**Task objective**
From the entries provided below, copy each line that contains the word "Stainless".

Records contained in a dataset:
§
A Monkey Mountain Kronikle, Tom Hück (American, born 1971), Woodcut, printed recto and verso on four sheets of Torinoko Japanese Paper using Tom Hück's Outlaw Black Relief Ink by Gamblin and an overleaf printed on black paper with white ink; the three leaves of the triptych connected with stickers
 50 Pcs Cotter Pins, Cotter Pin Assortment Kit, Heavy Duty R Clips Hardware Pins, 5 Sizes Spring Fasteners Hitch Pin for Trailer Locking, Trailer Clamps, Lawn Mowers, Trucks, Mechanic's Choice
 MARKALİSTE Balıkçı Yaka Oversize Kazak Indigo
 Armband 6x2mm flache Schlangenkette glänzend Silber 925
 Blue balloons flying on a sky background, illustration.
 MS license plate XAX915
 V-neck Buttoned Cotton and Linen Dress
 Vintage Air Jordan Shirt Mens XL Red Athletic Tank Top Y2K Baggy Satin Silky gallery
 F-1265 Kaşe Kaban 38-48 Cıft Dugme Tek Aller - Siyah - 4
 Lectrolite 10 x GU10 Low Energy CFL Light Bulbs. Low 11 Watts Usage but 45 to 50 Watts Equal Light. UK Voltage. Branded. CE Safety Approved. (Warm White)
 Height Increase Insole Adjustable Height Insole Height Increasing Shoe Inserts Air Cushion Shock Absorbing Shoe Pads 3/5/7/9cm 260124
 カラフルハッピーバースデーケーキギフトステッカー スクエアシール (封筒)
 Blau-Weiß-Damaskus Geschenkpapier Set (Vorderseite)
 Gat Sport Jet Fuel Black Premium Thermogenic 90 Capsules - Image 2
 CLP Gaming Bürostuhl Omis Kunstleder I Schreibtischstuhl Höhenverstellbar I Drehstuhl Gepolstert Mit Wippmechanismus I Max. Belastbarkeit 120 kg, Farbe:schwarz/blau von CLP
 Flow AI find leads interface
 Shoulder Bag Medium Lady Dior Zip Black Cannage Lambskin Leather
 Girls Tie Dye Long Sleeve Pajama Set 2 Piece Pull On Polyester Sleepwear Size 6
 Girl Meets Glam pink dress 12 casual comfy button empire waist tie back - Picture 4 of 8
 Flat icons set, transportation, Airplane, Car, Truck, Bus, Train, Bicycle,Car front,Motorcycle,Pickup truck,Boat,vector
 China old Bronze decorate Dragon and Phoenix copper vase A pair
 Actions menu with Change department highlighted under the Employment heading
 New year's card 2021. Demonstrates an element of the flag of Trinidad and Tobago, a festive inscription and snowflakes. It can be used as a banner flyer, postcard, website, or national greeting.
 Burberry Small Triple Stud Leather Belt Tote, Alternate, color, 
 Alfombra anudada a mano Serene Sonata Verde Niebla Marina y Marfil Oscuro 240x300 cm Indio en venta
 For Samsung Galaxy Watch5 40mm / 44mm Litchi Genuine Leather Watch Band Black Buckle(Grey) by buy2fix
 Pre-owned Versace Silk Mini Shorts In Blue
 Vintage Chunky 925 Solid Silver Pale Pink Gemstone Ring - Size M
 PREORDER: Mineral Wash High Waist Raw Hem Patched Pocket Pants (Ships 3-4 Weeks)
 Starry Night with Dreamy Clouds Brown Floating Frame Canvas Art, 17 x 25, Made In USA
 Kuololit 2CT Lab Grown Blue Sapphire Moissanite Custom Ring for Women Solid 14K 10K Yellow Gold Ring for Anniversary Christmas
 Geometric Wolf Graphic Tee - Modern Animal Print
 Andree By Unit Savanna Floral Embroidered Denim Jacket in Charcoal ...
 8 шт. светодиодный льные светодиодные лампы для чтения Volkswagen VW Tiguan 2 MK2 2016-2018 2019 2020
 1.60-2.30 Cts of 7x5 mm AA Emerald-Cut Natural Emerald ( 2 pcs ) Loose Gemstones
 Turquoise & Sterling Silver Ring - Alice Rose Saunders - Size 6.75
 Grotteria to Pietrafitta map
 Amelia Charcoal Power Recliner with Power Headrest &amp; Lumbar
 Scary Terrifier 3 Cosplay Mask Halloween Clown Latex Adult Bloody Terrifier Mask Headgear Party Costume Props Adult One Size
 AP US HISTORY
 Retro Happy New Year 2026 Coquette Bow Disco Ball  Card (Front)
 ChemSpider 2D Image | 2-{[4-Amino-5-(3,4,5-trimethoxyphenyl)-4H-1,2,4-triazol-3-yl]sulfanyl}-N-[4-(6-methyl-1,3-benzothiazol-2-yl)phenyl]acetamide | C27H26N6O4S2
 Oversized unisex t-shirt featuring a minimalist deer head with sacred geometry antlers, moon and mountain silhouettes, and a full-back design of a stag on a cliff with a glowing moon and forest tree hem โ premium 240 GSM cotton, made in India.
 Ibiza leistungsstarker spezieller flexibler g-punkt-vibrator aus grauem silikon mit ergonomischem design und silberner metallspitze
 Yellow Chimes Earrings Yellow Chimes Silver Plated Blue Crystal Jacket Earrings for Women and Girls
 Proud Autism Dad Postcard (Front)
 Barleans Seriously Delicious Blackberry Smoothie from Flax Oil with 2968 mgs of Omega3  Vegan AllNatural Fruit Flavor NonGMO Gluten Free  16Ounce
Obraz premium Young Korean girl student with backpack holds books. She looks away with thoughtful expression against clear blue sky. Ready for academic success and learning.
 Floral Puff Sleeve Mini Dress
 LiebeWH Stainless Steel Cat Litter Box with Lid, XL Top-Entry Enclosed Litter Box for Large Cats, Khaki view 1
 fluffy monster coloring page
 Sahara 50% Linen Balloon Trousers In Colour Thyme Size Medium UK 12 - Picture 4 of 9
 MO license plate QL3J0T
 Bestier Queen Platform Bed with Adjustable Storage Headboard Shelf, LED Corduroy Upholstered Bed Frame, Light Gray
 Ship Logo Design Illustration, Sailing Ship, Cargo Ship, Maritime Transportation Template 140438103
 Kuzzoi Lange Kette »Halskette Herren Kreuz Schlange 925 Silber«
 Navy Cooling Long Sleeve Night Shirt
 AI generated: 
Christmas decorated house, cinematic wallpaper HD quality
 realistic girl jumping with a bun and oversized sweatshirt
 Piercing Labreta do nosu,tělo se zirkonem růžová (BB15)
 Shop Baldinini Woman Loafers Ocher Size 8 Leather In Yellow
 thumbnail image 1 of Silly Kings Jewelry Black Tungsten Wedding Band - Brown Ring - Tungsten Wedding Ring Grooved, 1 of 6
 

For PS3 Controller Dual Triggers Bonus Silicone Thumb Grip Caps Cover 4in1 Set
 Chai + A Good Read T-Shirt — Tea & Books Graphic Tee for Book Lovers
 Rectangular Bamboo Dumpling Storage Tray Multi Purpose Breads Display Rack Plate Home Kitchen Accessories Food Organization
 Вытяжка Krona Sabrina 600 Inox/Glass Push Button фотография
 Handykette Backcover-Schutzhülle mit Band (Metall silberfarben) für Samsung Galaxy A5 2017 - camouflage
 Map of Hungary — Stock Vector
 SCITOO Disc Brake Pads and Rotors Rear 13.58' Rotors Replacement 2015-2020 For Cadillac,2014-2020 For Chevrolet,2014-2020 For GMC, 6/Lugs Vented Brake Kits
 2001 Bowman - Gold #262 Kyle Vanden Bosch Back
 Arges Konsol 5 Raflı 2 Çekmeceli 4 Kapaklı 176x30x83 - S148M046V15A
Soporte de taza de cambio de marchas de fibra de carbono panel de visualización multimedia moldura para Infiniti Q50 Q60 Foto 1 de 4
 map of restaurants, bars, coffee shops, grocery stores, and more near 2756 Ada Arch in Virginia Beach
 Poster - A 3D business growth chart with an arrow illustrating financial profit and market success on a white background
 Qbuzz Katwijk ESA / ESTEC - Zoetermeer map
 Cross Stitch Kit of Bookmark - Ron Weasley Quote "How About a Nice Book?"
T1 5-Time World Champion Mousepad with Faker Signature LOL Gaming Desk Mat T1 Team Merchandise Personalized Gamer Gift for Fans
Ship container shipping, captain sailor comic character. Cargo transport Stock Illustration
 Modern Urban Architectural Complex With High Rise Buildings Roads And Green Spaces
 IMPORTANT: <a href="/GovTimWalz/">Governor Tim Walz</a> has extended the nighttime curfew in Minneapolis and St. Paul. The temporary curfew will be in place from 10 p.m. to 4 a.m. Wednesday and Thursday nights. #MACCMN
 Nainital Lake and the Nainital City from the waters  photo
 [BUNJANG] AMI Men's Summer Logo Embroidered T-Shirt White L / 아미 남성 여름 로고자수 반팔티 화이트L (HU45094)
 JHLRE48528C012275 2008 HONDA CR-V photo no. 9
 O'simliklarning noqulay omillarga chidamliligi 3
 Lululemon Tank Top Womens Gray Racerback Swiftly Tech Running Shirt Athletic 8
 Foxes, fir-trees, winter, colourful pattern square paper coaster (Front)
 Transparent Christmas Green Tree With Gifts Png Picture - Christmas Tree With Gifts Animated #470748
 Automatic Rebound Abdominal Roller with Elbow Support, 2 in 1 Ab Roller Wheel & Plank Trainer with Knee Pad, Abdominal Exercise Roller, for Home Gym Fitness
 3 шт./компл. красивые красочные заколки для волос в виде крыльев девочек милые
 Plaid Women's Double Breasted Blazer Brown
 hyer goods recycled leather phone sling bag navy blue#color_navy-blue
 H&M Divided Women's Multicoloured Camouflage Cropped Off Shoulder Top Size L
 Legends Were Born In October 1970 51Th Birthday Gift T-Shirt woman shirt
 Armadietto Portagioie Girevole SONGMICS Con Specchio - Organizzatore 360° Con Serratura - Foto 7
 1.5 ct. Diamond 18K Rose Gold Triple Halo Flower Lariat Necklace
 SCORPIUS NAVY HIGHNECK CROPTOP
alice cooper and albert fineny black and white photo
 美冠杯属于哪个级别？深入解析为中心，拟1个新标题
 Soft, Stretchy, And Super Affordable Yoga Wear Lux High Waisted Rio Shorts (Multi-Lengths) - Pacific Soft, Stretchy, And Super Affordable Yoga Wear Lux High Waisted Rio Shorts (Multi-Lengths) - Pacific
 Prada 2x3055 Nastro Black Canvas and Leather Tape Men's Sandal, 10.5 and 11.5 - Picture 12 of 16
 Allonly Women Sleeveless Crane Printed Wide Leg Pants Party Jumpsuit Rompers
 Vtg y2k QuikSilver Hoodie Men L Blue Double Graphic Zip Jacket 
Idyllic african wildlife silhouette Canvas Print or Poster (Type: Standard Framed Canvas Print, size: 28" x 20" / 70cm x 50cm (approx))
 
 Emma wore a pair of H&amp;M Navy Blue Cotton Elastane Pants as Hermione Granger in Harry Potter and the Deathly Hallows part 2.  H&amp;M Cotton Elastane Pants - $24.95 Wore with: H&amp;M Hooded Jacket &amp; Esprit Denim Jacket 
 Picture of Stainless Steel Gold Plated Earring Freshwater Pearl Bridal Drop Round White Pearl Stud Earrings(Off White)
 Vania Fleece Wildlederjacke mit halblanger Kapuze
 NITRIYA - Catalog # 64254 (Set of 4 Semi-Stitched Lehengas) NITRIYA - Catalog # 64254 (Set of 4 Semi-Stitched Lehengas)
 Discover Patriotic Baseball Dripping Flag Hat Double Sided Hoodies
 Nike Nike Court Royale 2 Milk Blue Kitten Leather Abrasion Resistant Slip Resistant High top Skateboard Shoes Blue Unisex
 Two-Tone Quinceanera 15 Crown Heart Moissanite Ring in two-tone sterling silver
§
**Response area**
 LiebeWH Stainless Steel Cat Litter Box with Lid, XL Top-Entry Enclosed Litter Box for Large Cats, Khaki view 1
 Picture of Stainless Steel Gold Plated Earring Freshwater Pearl Bridal Drop Round White Pearl Stud Earrings(Off White)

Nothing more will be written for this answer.